Late fees can work, but they’re not always the best move. I’ve found a few things that get results without the hassle:
- Clear payment terms in the contract. Spell it out.
- Upfront deposits. 30-50% is standard for me.
- Progress payments for bigger jobs.
- Reminders a few days before due date.
For problem clients, I stop work until they pay up. No threats, just facts.
Most important: vet your clients. Look for red flags early. A good client pays on time and values your work. Don’t waste time chasing bad ones.
I’ve found a simple solution that works well.
I require a 50% deposit upfront for all jobs. This covers initial costs and weeds out flaky clients.
For the rest, I set clear payment terms: due within 7 days of invoice. After that, work stops until I’m paid.
No late fees needed. It’s straightforward and most clients respect it. Those who don’t usually aren’t worth the hassle anyway.
Yeah, I’ve been there. Late payments can really mess things up.
I started adding a late fee clause to my contracts a couple years ago. It’s not huge - like 2% of the invoice after 14 days late. But it’s there.
Honestly, most clients never end up paying it. Just having it there made a lot of them pay on time. The chronically late ones, I give a friendly reminder when the invoice is due. That usually does the trick.
I was nervous about it at first too. But I haven’t lost any business over it. If anything, I think it made some clients take me more seriously.
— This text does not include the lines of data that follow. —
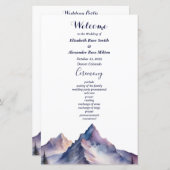 雪に覆われた山々の結婚式プログラム (正面/裏面)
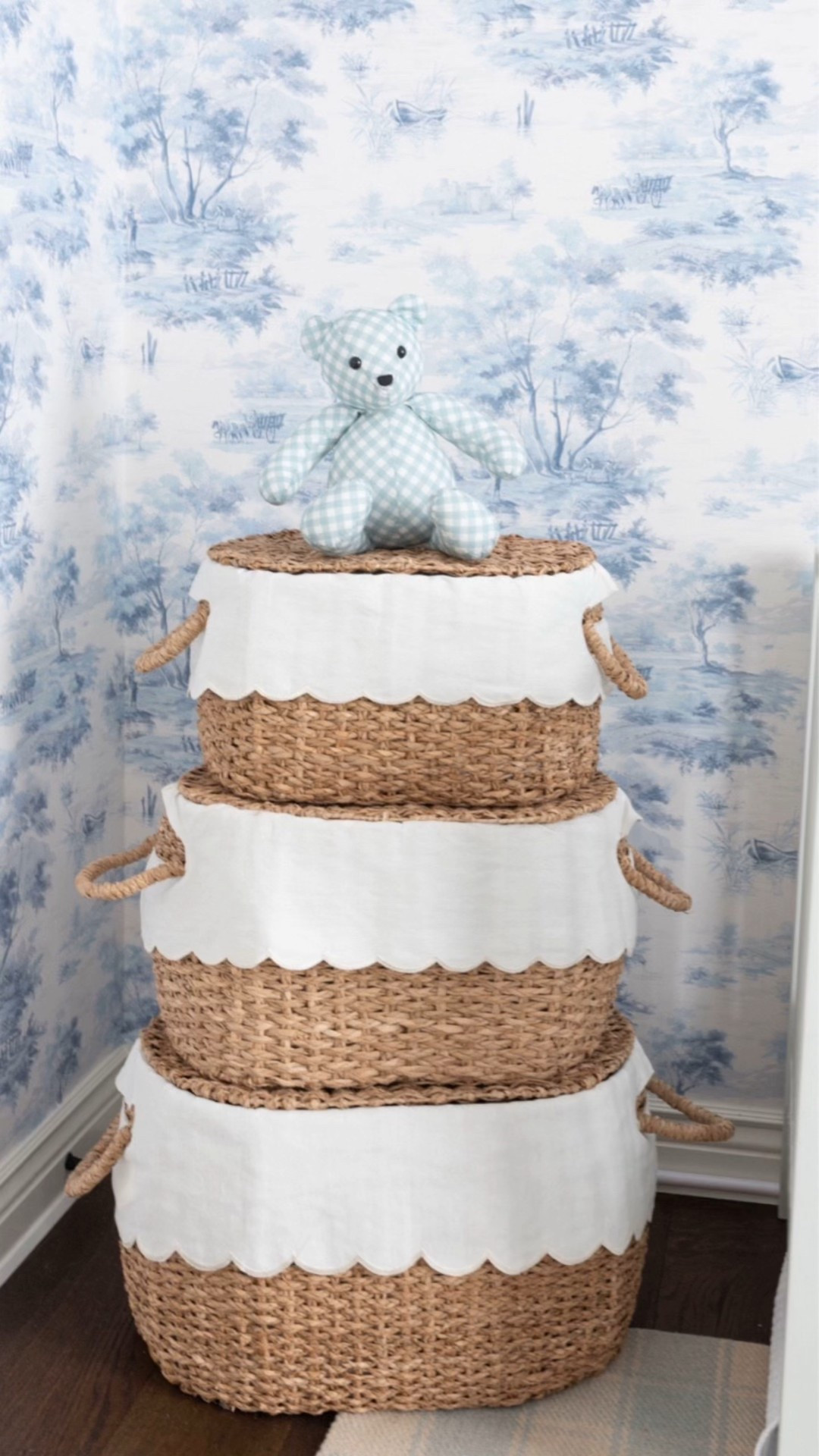 Nursery storage! These baskets are so pretty! 

#scallopedbaskets #organization #storage 

#LTKFamily #LTKHome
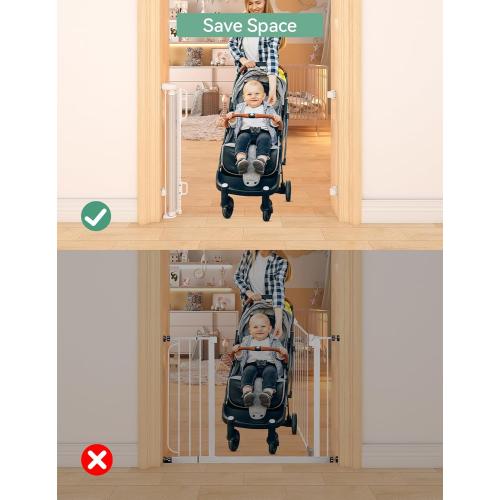 Momcozy Auto-Locking Retractable Mesh Baby Gate or Dog Gate, Child Safety Gate for Indoor or Outdoor, 33-inches Tall with up to 55-inches Wide Extension, Avoid Skirting Installation, White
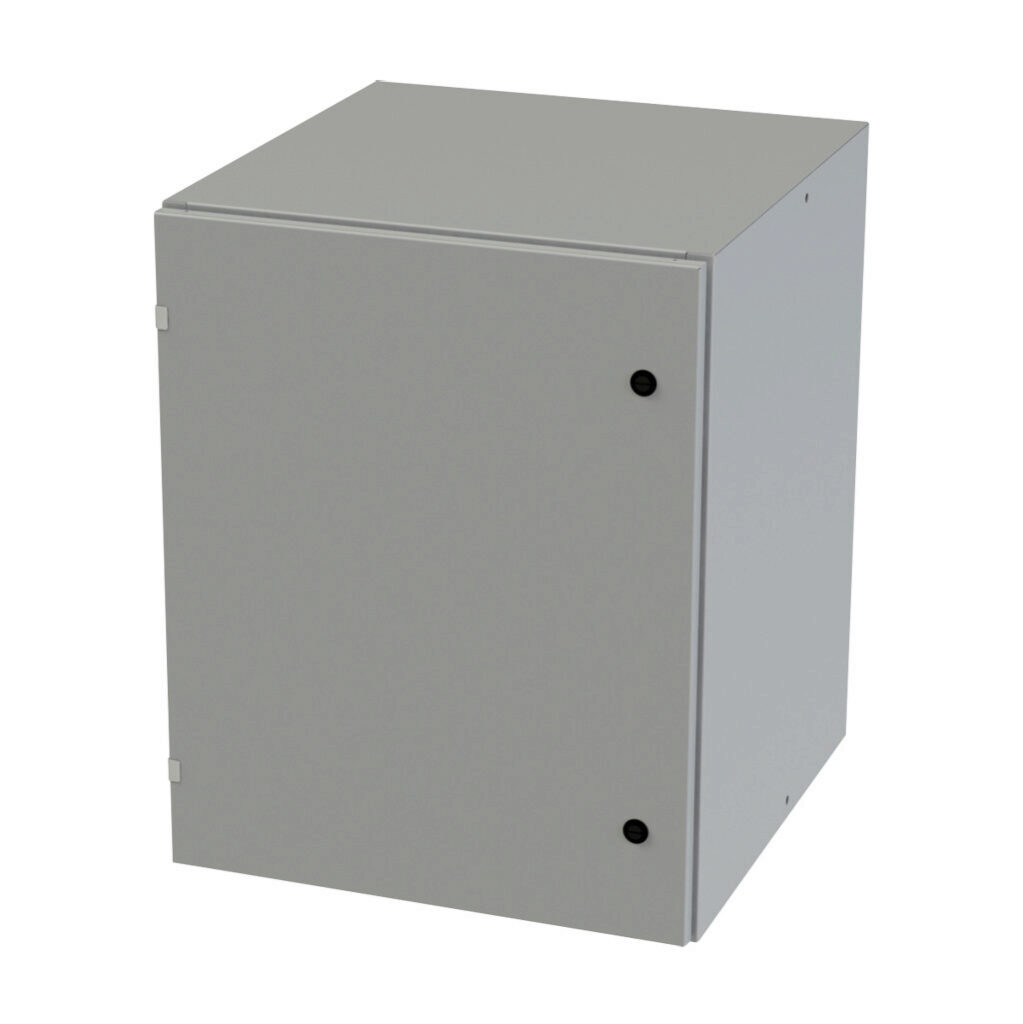 SCE-30EL2424LP - Saginaw Enviroline series enclosure, NEMA 3R/4/12/13, 30 x 24 x 24in (HxWxD), wall mount, carbon steel, ANSI 61 gray, powder coat finish, single-door, 1/4-turn semi-flush latch.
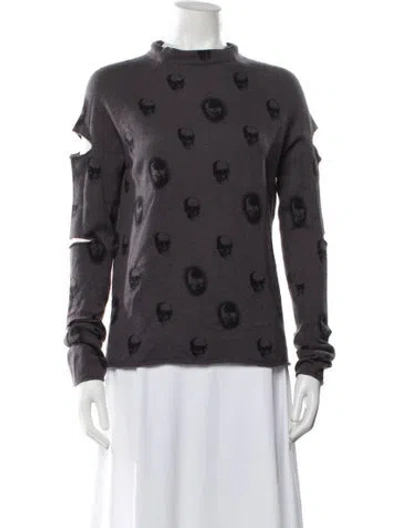 Pre-owned Skull Cashmere Cashmere Graphic Print Sweater In Purple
One thing though - make sure you’re really clear about payment terms upfront. No surprises. And be willing to waive the fee once in a while if a good client has a legit reason for being late.
Late fees can be tricky. I’ve tried a few things:
- Clear payment terms upfront
- Reminders a few days before the due date
- Follow-up calls for late payers
These worked better than penalties for me. Most clients just forgot or had a hiccup.
For chronic late payers, I started requiring partial upfront payment. That filtered out the problem clients.
If you do add fees, keep them small—like 1-2%. Big fees can sour relationships fast.
Good clients are hard to find. Sometimes, flexibility pays off more than strict rules. But you gotta protect your cash flow too. It’s a balancing act.
Nah don’t do late fees. Just stop working if they don’t pay.
Reminder: pay me or no more fixing stuff.
I don’t bother with late fees. Just send a reminder when it’s due.
If they’re always late, I stop taking their jobs. Not worth the headache.
Upfront deposits help too. Gets them invested from the start.